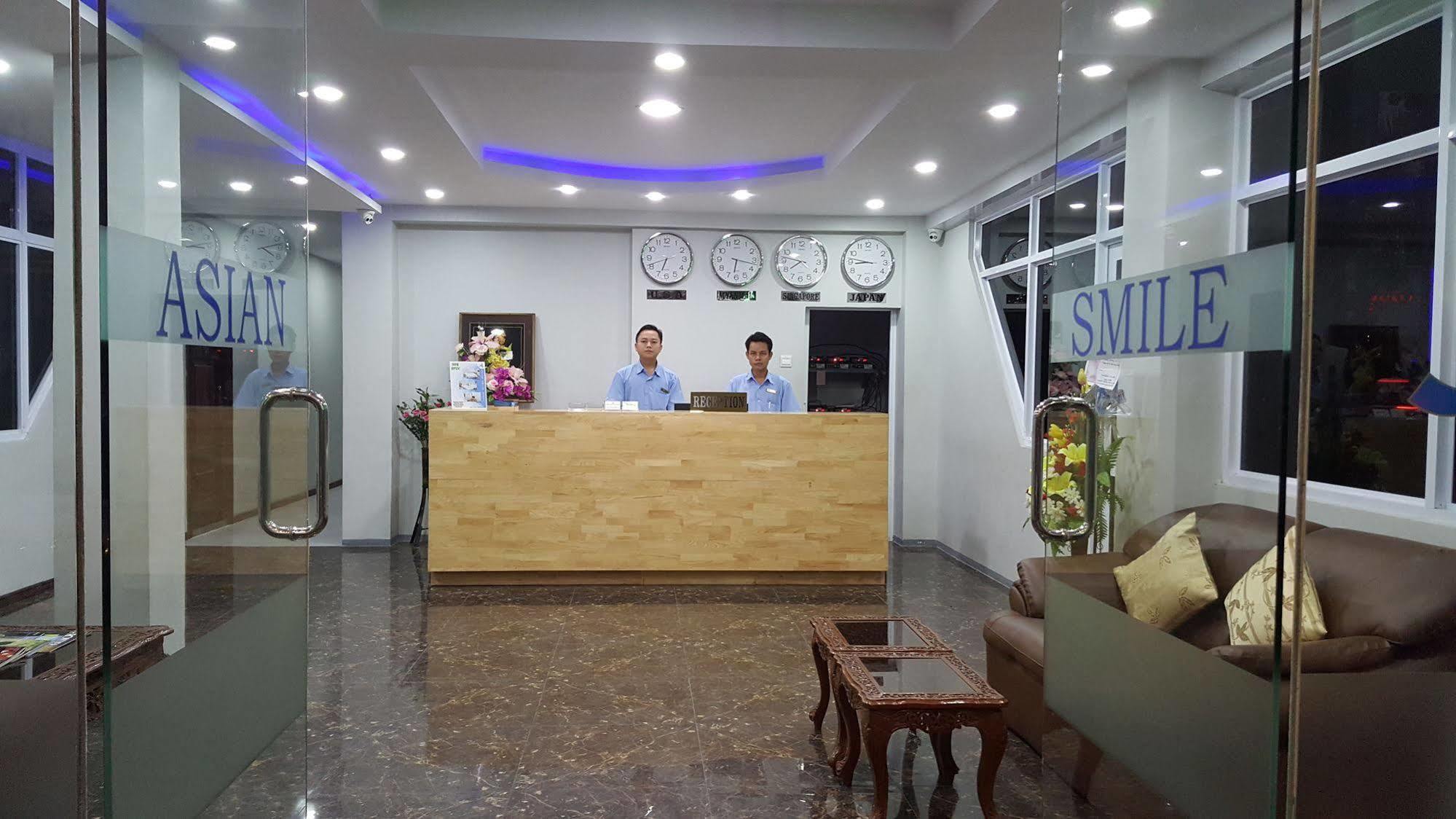 Asian Smile Hotel Янгон Екстериор снимка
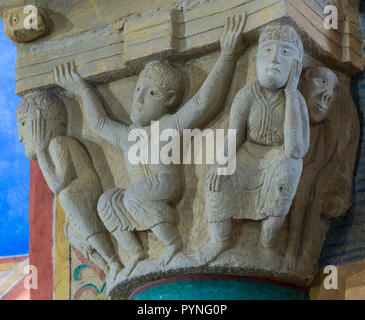 Anzy-le-Duc, Francia - 1 Agosto 2018: capitale di un pilastro nella storica chiesa romanica di Anzy le Duc, Saonne-et-Loire, Francia. Foto Stock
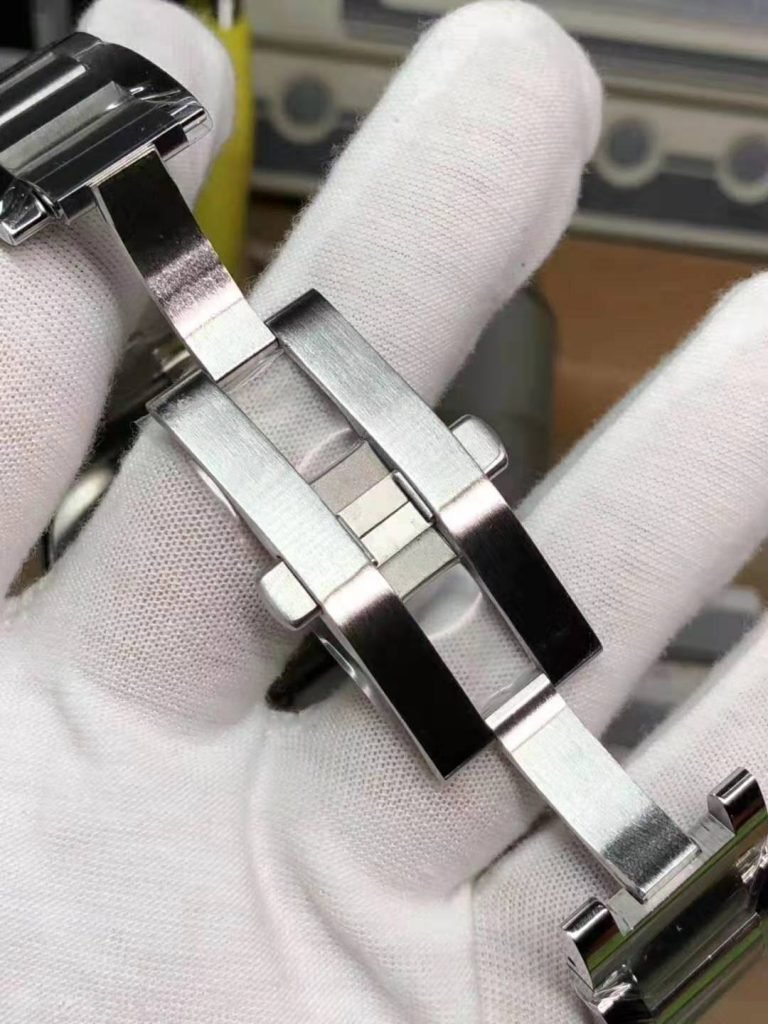 Top Ten Replica Watches for Beginners – Susan Reviews on Replica Watches 79 8b1798d71f304879944214ef206bbb61 Super Clone Watch,Clean Factory Watch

★ ★ ★ ★

Give back, word for word, the lines from the one containing "Anzy-le-Duc, Francia - 1" through the last line of the listing above; include both ends and exclude the pictures.

* [RESULT OF THE EXERCISE]
 Anzy-le-Duc, Francia - 1 Agosto 2018: capitale di un pilastro nella storica chiesa romanica di Anzy le Duc, Saonne-et-Loire, Francia. Foto Stock
 Top Ten Replica Watches for Beginners – Susan Reviews on Replica Watches 79 8b1798d71f304879944214ef206bbb61 Super Clone Watch,Clean Factory Watch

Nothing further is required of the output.